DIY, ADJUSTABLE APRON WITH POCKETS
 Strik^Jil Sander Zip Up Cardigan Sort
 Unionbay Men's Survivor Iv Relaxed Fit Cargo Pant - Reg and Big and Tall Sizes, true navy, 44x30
----
With nothing added or dropped, write out the listing again.

_ANSWER SPACE_:
DIY, ADJUSTABLE APRON WITH POCKETS
 Strik^Jil Sander Zip Up Cardigan Sort
 Unionbay Men's Survivor Iv Relaxed Fit Cargo Pant - Reg and Big and Tall Sizes, true navy, 44x30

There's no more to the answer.